Removing or reversing the side chain charge of Arg-131 increases the efficacy of the partial agonist sarcosine on α1 GlyR. A, representative whole cell current responses to sarcosine in α1 GlyR mutants. B, clusters of single-channel mutant GlyR activity elicited in cell-attached patches by high concentrations of sarcosine (saturating except for the R131E mutant) C, sarcosine whole cell concentration-response curves for E103A, E103R, R131A, and R131E mutant GlyR (n = 4, 4, 5, and 6, respectively). Curves are scaled to the appropriate maximum P_open measured by single channel recording. The WT concentration-response curve for sarcosine is shown for comparison (solid line; the data for this curve is shown in Fig. 2C).

FIGURE 5.

E103R/R131E mutation rescues α1 GlyR response to glycine and sarcosine. A, representative whole cell current responses to glycine or sarcosine in the double charge reversal mutant E103R/R131E GlyR α1. B, clusters of single-channel mutant GlyR activity elicited in cell-attached patches by saturating concentrations of glycine and sarcosine, respectively.
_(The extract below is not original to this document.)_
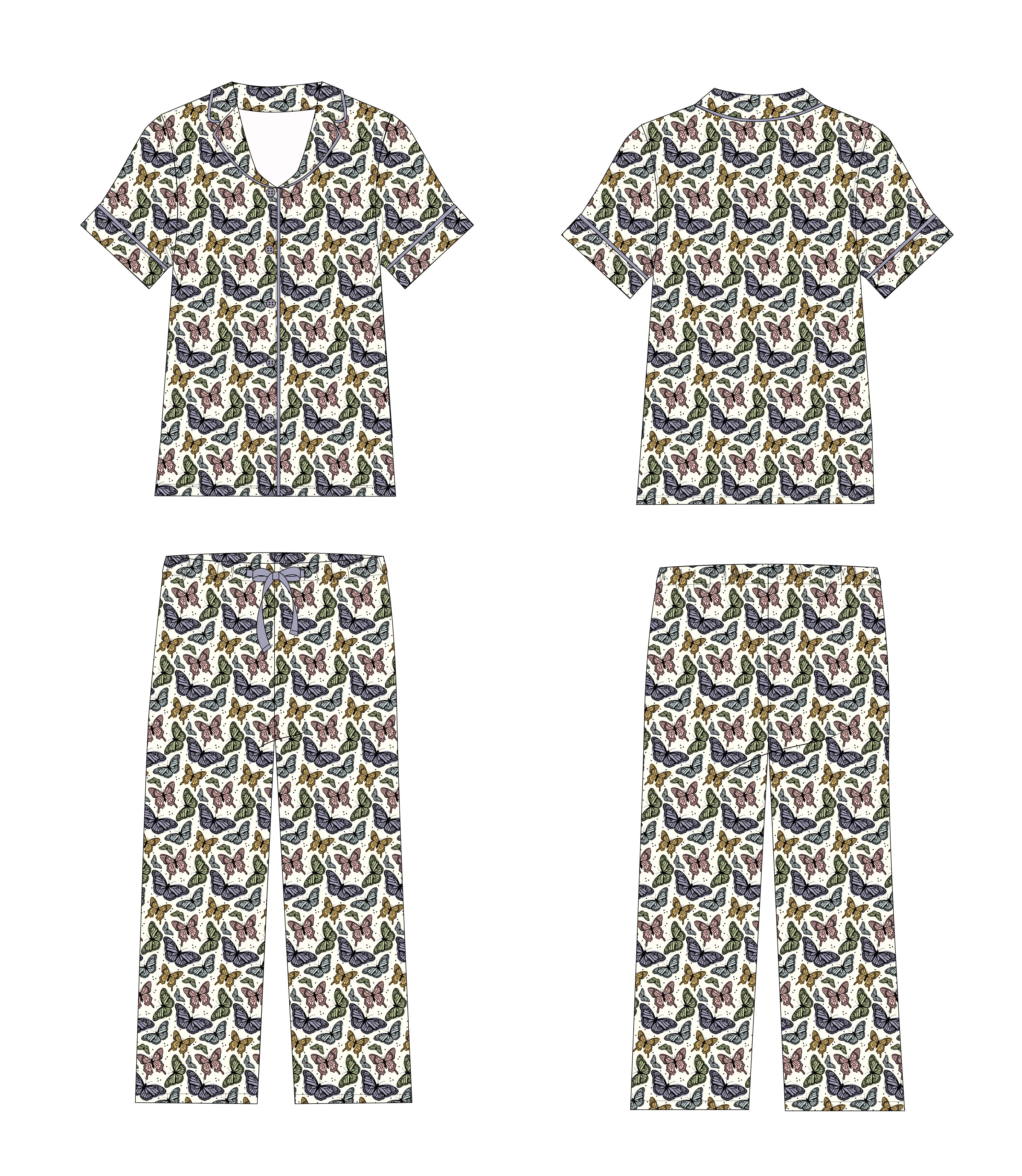 Butterfly Women's Pajama Pants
C, glycine and sarcosine whole cell concentration-response curves in WT and double mutant GlyR (n = 5 and 8, respectively). Curves are scaled to the appropriate maximum P_open measured by single channel recording. The WT concentration-response curves and the single-mutation curves for both glycine and sarcosine are shown for comparison (solid line for WT; the data for this curve is shown in Fig. 2C).